[Given records Boundary: Start]

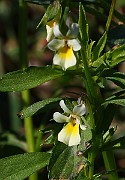IMG_1731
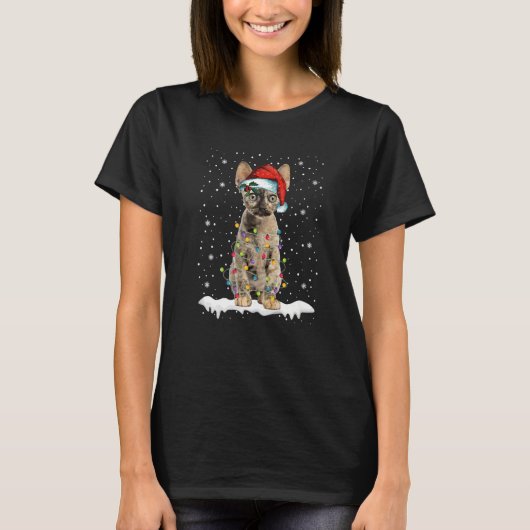 Devon Rex Chat lumières Noël Sweat Noël Kitte (Devant)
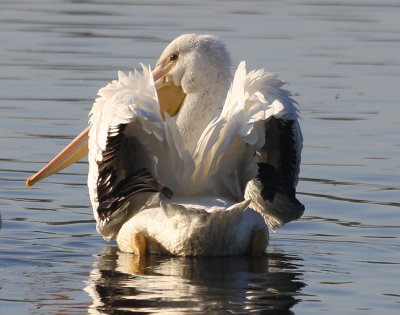 Sassy White Pelican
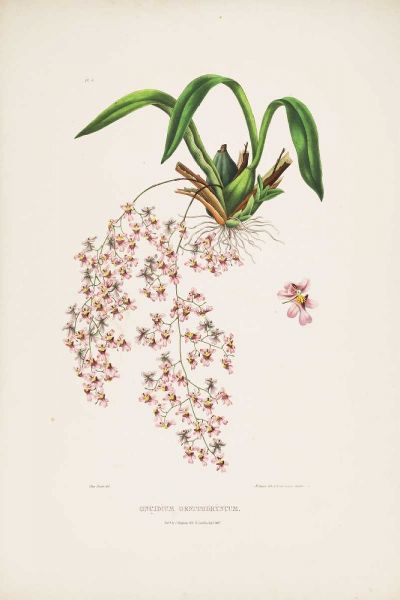 Orchid, Oncidium Bateman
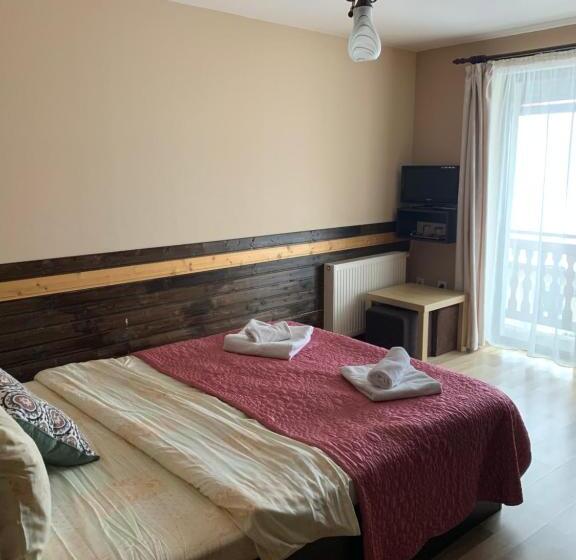 Habitació Deluxe, Pensiunea Haiduc Sacele Brasov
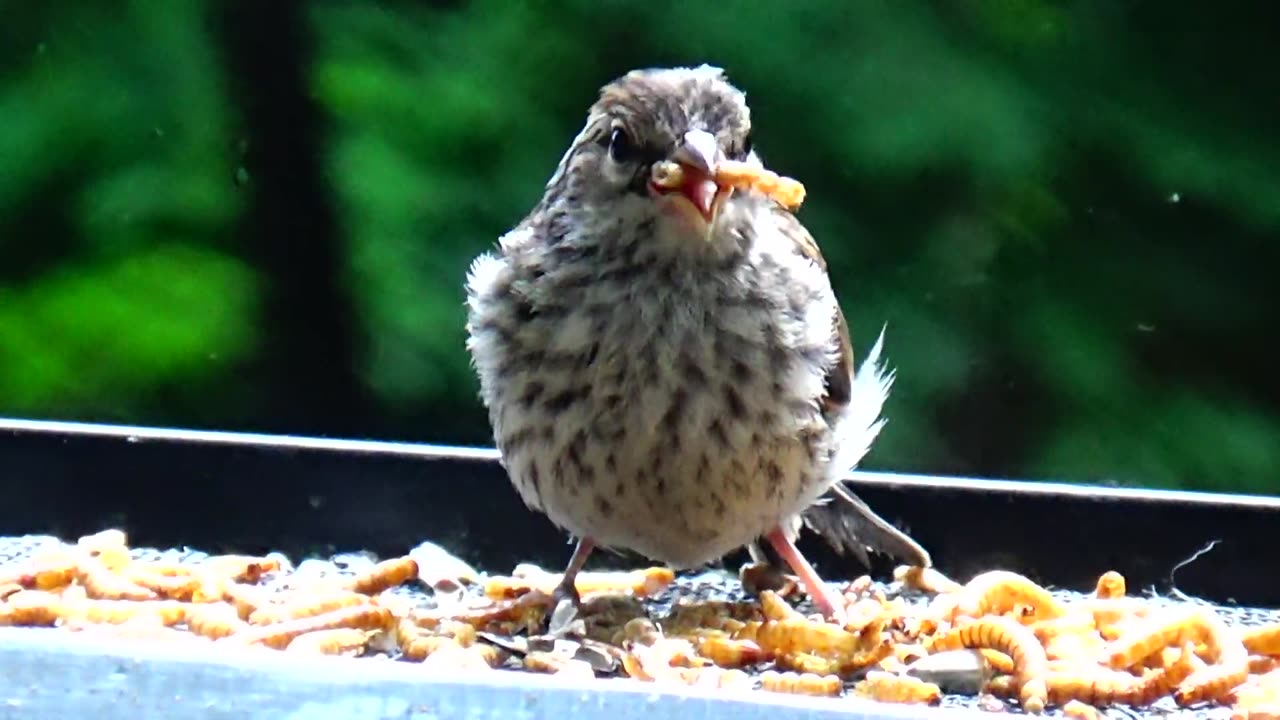 Chirping Sparrows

[Given records Boundary: End]

▶ _Task brief_
The entries above should be retyped exactly, minus any pictures.

▶ _Written solution_
IMG_1731
 Devon Rex Chat lumières Noël Sweat Noël Kitte (Devant)
 Sassy White Pelican
 Orchid, Oncidium Bateman
 Habitació Deluxe, Pensiunea Haiduc Sacele Brasov
 Chirping Sparrows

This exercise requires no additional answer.